May 19, 2023 by David Gambrill
Canada’s insurance regulators have confirmed insurers and brokers are each expected to comply with new guidance related to designing and managing sales incentive programs, even though the insurer is ultimately responsible for the fair treatment of customers for the full life cycle of the product.
The Canadian Council of Insurance Regulators (CCIR) issued a Q&A document this month answering questions about its new, principles-based guidance for managing insurance sales incentive programs. The guidance was first released in November 2022.

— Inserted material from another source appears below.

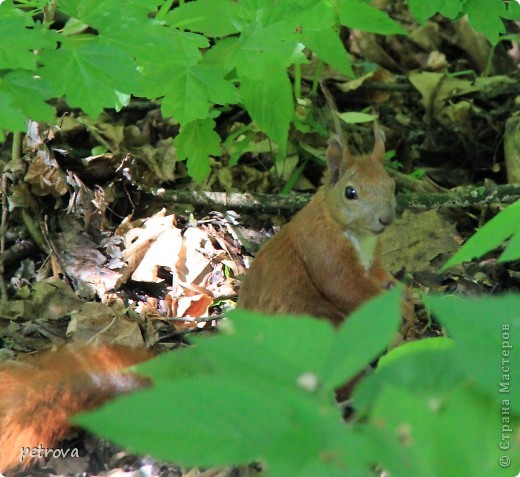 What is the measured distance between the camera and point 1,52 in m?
2.14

The Incentive Management Guidance (IMG) provides guidance to insurers and brokers on how to manage and design sales incentive programs that align with the principles contained in the regulators’ Fair Treatment of Customers (FTC) guidance released in September 2018.
A number of questions in the Q&A document focus on the shared responsibility of both insurers and their brokers in designing incentive programs that “avoid or properly manage conflict of interest risks in their incentive arrangements,” as the CCIR document frames it.
The regulators say the IMG is not intended to imply that insurance companies must direct the incentive programs of their brokers.
“The IMG applies to the activity of paying compensation and/or designing incentive arrangements,” the CCIR’s Q&A document states. “The IMG provides principles and expectations for incentive management that align with FTC, regardless of the entity (insurer/intermediary) who is engaged in the activity. As such, the IMG does not separate expectations between insurers and intermediaries.
“That said, the IMG may apply to insurers and intermediaries in different ways. The IMG provides insurers and intermediaries with the necessary latitude to determine the requisite strategies, policies, processes, procedures, and controls to satisfy the IMG according to their respective natures, sizes, and complexity of their activities.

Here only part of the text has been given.